Looking Ahead

California regroups in the aftermath of wildfires

The fires that burned over 200,000 acres of land in Northern California almost seemed like a sick, sad punctuation mark on a summer that already saw the United States rocked by major natural disasters. Normally I’d be writing about what to drink for fall and consider it a welcome relief from a summer flush with cheap rosé, but any other subject for a wine column seems almost irresponsibly trivial; it would be bad taste to talk about damage to wineries when there is the real human cost to consider. So far, only 11 wineries have sustained major damage, though with 42 people dead, over 7,000 structures burned, and countless losses to livelihoods, properties and jobs bring the damage not quite to the point of devastation for the industry, but well past the point of ruin for the people working in it.
So I won’t presume to be capable of assessing the damage here today, or coming up with any kind of immediate solutions to the harm that has been done to the American wine industry; the coming stalls and depletions, the questions of smoke taint or the recoverability of vines or fermentations occurring at the wrong temperatures, or even the darker issues of the sentimentality behind a history erased. Those are trivial things, because the craft of winemaking, the brands we like to drink and even the wine culture that defines us mean nothing when people are hurt and in trouble. And there is already a greater darkness in a billion-dollar wine and tourism industry that barely provided the housing and support for vineyard workers, restaurant employees and blue-collar society to begin with; a darkness only exacerbated by the fires, not created by them.
So consider our impact and our power. Work in a restaurant or retail wine program? Think of the positivity that can be done by getting behind a wine from Napa or Sonoma and making it thrive. Run a restaurant wine program? Maybe add another by-the-glass pour from an affected area. Maybe donate the profits from one of those pours to a relief effort. Move cases. When the time to rebuild happens, the groundwork for the funds to do so  will already be in place. And if you simply enjoy drinking wine, consider buying a bottle from the North Coast. Make it count, because the wines of the home country are always precious, and because there are so many amazing and talented people making it (not to mention selling and serving it) who need our help right now.

Even though there are 11 wineries destroyed, the network of damage has spiderwebbed out to affect almost everyone. Here are some wines that I have noticed are visibly dedicated not just to affected vineyard land, but to prominent efforts to provide support and relief.

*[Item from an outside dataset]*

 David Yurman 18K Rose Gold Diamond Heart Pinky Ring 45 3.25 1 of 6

Hirsch wines are, by their very nature, small-production and hard to come by in New Mexico. They are already sold out of their latest vintage on the website, and what few cases are left in the state are selling fast. Local fine-dining restaurant Arroyo Vino hosted Jasmine Hirsch as a guest of honor at an auction dinner that raised almost $10,000 in support of fire relief, and the winery has been a visible advocate for many efforts to rebuild. David Hirsch has been growing grapes on a volcanic fault line adjacent to the Pacific Ocean in the farthest extreme of the Sonoma Coast, and his line of pinot noirs reflect a profound meditation on California terroir. This 2015 San Andreas Fault pinot noir ($66) reflects a blend of different soil parcels, vinified separately and crafted into something truly sublime.

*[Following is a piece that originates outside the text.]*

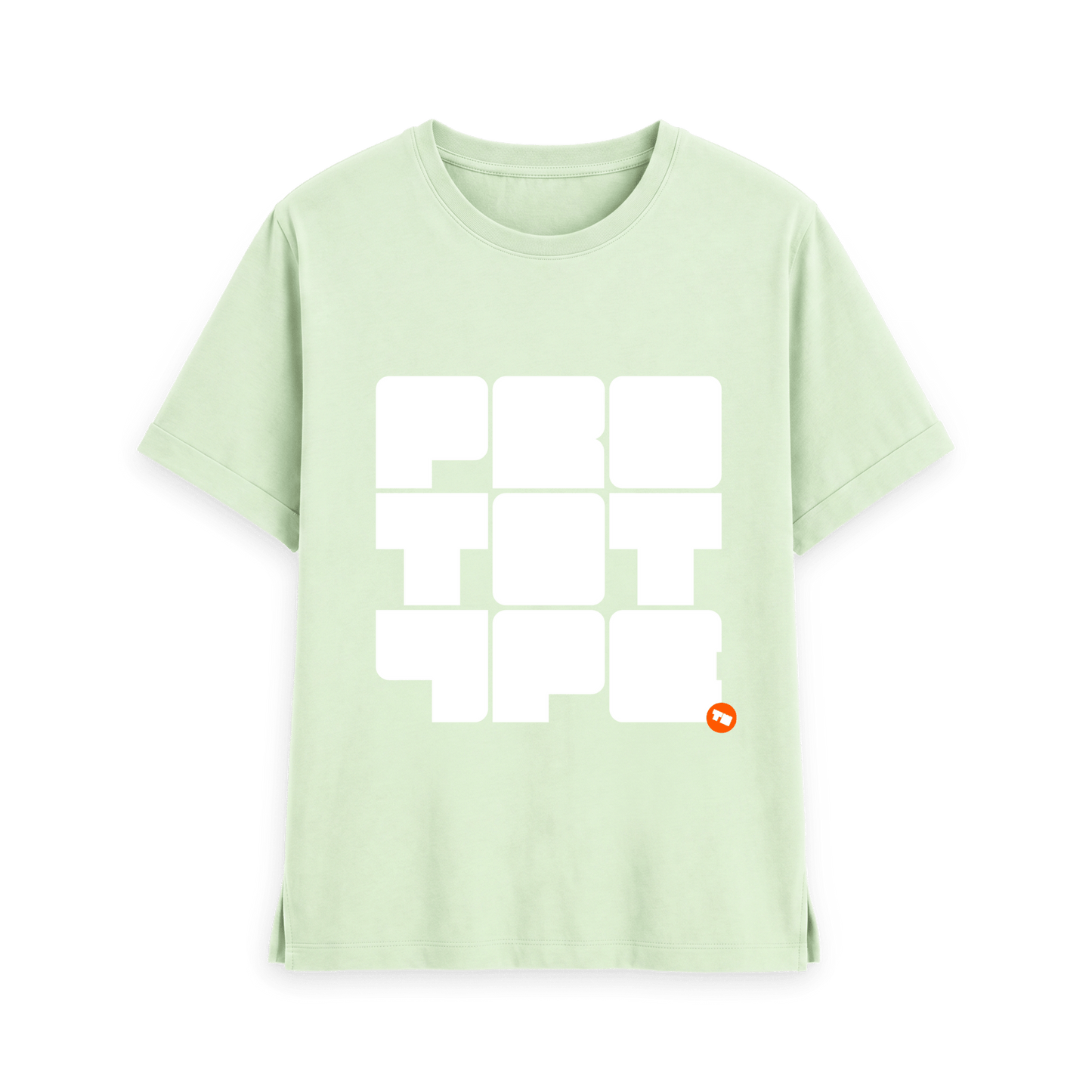 Pastel Green Printed T-shirt Front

Lioco is rooted in more than one aspect of the California wine industry. The lovechild of Matthew Licklider and Kevin O'Connor (a wine importer and the former wine director at Spago, respectively), Lioco has always been intimately tied both to the reputed vineyards from which they source their fruit and the extensive network of restaurants that support their wines. The support and outreach for which Lioco has advocated, not to mention the events and deals and donations that the winery has developed since the fires began, has been remarkable and commendable. And their wines are incredibly unique, neither would-be dupes for European originals or homogenous examples of an all-American "house style," but something else entirely—almost crystal-clear interpretations of classic grape varieties. Their entry-level Sonoma County chardonnay ($24) is entirely unoaked and scintillatingly transparent, all lemon and mineral, full of grace.

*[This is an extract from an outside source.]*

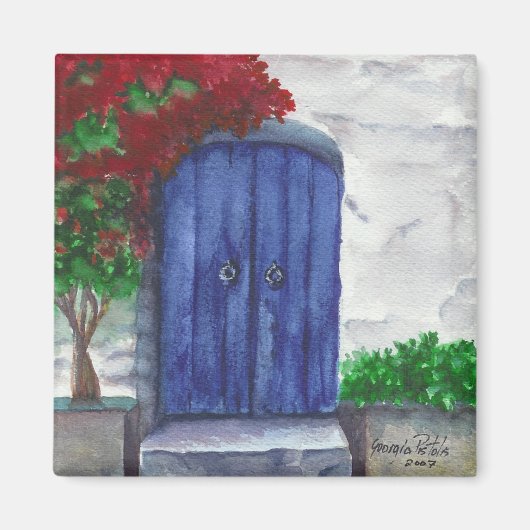 Blauwe deur Magneet (Voorkant)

Both vines and the old farmhouse at Robert Sinskey vineyards have burned to the ground, though the damage is not all-consuming. Still, this is a winery that would benefit deeply from very direct support. The estate grown 2013 Point of View ($34) is a Right Bank Bordeaux style blend crafted from biodynamically farmed land in Los Carneros. A staunch supporter of sustainable viticulture and outspoken advocate for environmental activism, this winery is fighting the good fight in more ways than one these days. Fruity but earthy, the POV needs time and air to open up, but with patience this wine reveals its complex charms.